• Play
    Everything
    with Auto Accompaniment

Basic Settings

With nimbu you transpose the accompaniment in real time with the chords you are playing with your left hand.

But since real accompaniments do not only play the chord tones of the harmony, but tones of the key in form of riffs, transition tones, more complex chords, melodic lines, walking basses etc., nimbu translates your chords into chord scales with 7 tones. This is the musicial lever to raise the tone supply of your accompaniment and give it the authentic sound. This full tone supply consists of the chord tones that belong to the harmony and the tension tones that result from the functional degree of the played chords:

    Tones of the Key     =      Available Tones     =      Tone Supply     =      Chord Scale    =     Chord Tones    +    Tension Tones

Whatever you play, you always play with this supply of at least seven 7 tones. With one of these three basic settings:

    Chord related playing    (auto accompaniment)
    Here the tension tones are converted into chord tones. The tones of the accompaniment are reduced to the chord tones. So you play like with any automatic accompaniment.

    Scale related playing       (improvisation)
    Chord notes as well as tension notes are played here in order to use all available tones. This is the mode for improvisation.
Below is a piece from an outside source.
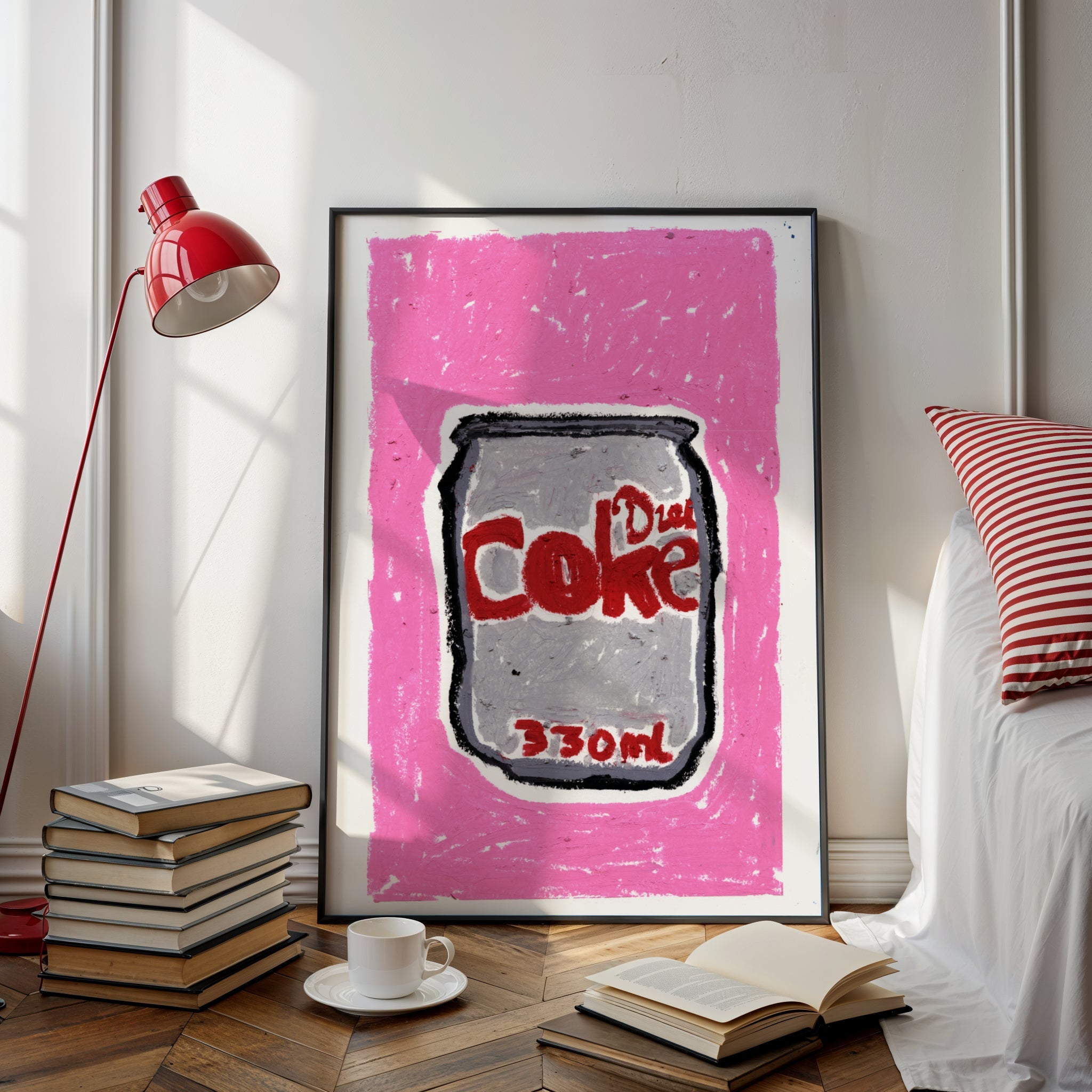 Diet Coke Oil Pastel Print - A5 - Print - Thursday's Child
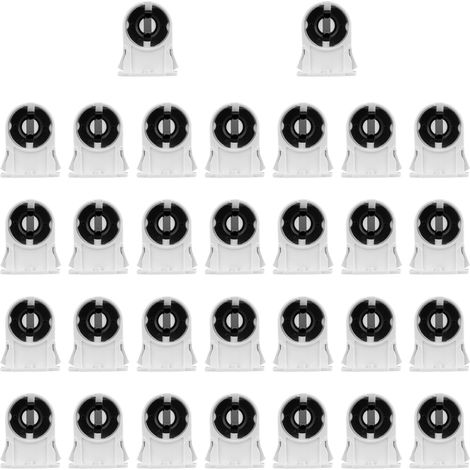 Lot de 30 Douille G13, Culot T8 résistant 2A, Support tube fluorescent LED, Pour bureau cave placard (1/5)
Standard scales are assigned to the played chord types. If a standard scale does not fit, you assign the correct scale to the chord.

    Title-related playing         (title)
    This, too, is a scale-related playing used for the original accompaniments, which nimbu automatically calculates from MIDI files. Tones that are out of scale are also allowed in order to get as close as possible to the original.


The clou is that you can switch spontaneously while playing. You can switch in real time e.g. from title-related to chord-related playing in order to play every harmony freely. Further details are described in More tones, more music.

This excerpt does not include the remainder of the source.